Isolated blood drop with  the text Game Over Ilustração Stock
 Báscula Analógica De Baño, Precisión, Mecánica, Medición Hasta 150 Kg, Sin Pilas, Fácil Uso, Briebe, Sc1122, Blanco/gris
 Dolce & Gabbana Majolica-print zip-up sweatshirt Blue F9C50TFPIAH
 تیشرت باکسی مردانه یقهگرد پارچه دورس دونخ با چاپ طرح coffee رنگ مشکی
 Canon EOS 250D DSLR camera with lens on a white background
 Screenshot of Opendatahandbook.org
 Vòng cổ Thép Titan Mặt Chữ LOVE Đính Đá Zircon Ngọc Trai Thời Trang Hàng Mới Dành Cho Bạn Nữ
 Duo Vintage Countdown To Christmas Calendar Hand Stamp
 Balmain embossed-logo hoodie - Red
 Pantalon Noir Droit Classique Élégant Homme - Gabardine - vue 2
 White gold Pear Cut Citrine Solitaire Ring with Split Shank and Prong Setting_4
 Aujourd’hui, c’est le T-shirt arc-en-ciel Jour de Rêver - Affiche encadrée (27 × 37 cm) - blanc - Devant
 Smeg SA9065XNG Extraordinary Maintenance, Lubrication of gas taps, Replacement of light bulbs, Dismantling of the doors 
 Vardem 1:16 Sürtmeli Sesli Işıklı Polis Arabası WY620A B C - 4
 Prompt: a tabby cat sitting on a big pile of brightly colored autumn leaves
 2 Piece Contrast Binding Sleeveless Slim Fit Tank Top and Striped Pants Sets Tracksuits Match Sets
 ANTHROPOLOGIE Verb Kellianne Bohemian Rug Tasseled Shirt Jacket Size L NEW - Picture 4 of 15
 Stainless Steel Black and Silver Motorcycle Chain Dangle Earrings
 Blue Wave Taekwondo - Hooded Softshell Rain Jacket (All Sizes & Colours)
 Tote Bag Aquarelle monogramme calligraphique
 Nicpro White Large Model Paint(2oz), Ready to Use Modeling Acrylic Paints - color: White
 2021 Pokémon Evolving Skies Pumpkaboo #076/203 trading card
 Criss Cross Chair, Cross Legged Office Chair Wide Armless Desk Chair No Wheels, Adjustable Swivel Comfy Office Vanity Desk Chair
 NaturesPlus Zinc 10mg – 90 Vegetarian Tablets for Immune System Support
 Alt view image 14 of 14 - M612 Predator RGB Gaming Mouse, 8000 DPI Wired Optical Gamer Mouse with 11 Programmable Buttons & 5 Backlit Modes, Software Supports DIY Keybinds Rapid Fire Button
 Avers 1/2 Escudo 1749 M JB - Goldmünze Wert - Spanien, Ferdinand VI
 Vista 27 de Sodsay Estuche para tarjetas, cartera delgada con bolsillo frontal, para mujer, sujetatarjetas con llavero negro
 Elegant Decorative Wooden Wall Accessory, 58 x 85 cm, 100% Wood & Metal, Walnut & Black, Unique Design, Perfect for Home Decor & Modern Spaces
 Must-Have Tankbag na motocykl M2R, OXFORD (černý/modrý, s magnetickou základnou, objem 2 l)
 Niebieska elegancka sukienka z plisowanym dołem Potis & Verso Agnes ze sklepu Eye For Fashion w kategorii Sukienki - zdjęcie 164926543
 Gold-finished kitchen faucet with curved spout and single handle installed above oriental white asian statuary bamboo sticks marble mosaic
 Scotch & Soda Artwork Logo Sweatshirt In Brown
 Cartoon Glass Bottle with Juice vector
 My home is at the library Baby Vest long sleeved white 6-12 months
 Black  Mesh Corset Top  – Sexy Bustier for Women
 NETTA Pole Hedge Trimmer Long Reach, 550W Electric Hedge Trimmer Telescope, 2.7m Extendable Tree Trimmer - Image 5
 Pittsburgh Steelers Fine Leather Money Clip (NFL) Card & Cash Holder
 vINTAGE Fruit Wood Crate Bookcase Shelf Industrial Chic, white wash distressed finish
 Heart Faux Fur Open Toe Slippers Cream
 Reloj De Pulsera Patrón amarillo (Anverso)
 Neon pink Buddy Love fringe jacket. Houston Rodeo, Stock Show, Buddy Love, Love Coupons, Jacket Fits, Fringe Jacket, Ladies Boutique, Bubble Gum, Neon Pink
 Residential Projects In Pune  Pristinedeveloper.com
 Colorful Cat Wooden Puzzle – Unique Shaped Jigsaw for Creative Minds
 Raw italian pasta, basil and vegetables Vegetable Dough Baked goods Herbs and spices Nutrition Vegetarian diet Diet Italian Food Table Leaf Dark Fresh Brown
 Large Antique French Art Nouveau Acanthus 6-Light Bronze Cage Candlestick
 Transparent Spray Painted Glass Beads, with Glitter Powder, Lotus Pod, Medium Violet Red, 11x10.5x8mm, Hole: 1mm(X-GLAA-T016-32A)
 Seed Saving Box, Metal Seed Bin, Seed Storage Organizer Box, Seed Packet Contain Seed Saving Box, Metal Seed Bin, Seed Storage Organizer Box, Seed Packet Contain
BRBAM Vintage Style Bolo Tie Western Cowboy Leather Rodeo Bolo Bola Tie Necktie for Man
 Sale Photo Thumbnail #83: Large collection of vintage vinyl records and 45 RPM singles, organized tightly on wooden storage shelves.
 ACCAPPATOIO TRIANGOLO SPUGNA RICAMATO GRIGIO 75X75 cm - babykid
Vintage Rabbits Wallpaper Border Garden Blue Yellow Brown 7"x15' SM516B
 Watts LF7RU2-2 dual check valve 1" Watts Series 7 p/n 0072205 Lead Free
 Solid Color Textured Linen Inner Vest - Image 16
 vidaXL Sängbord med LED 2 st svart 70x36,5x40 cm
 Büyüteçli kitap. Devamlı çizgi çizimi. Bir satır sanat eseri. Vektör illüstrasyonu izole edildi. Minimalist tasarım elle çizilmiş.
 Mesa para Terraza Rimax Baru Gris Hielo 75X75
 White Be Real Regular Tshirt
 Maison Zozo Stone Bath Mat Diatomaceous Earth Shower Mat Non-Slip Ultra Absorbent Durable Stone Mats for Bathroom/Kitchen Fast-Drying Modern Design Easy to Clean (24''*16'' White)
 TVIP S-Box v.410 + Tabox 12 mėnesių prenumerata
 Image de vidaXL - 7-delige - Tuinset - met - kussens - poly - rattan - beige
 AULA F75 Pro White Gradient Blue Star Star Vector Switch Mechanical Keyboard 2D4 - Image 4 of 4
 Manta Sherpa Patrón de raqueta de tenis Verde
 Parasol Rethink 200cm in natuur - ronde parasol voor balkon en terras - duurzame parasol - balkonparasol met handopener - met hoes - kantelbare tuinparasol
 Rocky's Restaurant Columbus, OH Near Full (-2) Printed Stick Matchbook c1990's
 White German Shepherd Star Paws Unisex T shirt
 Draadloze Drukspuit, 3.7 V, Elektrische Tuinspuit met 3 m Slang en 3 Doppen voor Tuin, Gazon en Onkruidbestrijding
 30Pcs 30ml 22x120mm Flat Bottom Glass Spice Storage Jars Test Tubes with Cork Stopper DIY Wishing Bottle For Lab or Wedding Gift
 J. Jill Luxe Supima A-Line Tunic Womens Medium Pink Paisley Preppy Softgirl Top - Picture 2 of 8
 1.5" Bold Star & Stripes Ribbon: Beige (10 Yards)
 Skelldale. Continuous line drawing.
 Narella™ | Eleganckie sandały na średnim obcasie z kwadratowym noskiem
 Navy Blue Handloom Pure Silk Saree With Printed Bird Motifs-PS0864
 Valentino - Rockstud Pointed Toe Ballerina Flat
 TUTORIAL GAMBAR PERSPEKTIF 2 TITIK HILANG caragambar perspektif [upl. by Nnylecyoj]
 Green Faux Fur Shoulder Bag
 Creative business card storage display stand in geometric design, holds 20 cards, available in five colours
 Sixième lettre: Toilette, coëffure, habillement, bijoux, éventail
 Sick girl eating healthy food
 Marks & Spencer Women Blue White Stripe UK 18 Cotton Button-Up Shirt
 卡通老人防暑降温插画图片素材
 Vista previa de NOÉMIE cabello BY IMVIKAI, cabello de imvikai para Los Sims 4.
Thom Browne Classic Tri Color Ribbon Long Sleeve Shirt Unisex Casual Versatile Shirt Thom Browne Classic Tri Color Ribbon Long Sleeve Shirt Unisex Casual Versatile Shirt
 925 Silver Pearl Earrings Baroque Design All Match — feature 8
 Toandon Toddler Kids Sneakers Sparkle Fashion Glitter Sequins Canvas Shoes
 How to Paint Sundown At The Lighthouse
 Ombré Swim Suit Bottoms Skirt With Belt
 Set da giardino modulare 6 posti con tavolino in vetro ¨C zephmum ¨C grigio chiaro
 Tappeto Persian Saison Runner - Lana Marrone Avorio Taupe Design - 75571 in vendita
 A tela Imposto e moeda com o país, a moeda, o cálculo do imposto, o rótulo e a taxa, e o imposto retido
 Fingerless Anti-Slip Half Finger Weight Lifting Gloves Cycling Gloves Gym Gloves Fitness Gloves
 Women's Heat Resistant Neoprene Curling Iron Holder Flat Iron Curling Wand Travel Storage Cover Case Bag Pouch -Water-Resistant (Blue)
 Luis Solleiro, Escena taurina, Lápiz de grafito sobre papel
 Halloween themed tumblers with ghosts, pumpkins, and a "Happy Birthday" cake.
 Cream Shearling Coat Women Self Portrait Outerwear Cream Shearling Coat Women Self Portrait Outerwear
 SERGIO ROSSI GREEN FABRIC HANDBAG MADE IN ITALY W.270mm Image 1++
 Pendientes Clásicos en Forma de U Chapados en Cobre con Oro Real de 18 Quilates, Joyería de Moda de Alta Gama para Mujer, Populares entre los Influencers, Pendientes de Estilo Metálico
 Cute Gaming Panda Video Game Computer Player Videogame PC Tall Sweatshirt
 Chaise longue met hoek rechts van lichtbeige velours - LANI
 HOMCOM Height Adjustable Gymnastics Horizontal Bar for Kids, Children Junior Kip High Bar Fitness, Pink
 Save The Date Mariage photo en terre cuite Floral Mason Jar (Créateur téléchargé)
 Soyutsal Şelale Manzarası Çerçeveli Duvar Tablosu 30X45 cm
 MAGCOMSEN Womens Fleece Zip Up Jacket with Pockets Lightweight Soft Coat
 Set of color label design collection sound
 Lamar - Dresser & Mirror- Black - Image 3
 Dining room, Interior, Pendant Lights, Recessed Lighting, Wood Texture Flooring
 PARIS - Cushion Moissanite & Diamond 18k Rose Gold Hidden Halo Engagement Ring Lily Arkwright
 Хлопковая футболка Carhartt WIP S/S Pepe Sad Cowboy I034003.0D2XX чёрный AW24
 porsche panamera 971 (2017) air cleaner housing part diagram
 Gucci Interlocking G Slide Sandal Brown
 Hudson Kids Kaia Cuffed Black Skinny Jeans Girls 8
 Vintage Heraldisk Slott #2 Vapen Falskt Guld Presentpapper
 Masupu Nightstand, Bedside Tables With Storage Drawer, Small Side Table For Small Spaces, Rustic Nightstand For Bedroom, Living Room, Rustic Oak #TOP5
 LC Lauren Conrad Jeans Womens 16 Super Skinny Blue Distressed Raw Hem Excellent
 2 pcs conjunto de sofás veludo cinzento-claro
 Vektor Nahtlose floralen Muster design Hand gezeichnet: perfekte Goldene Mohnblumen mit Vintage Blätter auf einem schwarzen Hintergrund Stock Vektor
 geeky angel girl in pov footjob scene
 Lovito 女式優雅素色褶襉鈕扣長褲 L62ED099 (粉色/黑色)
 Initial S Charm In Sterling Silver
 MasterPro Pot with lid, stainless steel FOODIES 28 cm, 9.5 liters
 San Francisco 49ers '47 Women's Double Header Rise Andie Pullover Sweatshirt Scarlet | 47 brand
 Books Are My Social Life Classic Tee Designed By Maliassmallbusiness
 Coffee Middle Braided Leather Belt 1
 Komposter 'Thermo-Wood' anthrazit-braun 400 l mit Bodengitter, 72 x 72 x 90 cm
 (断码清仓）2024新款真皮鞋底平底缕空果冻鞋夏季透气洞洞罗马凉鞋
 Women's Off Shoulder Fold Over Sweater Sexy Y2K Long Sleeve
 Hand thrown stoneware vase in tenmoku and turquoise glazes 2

▶ _Task requirements_
Could you reproduce, exactly, every line above from the line with "TUTORIAL GAMBAR PERSPEKTIF" to the line with "925 Silver Pearl", and no other line? Both ends count.

▶ _Problem solution_
 TUTORIAL GAMBAR PERSPEKTIF 2 TITIK HILANG caragambar perspektif [upl. by Nnylecyoj]
 Green Faux Fur Shoulder Bag
 Creative business card storage display stand in geometric design, holds 20 cards, available in five colours
 Sixième lettre: Toilette, coëffure, habillement, bijoux, éventail
 Sick girl eating healthy food
 Marks & Spencer Women Blue White Stripe UK 18 Cotton Button-Up Shirt
 卡通老人防暑降温插画图片素材
 Vista previa de NOÉMIE cabello BY IMVIKAI, cabello de imvikai para Los Sims 4.
Thom Browne Classic Tri Color Ribbon Long Sleeve Shirt Unisex Casual Versatile Shirt Thom Browne Classic Tri Color Ribbon Long Sleeve Shirt Unisex Casual Versatile Shirt
 925 Silver Pearl Earrings Baroque Design All Match — feature 8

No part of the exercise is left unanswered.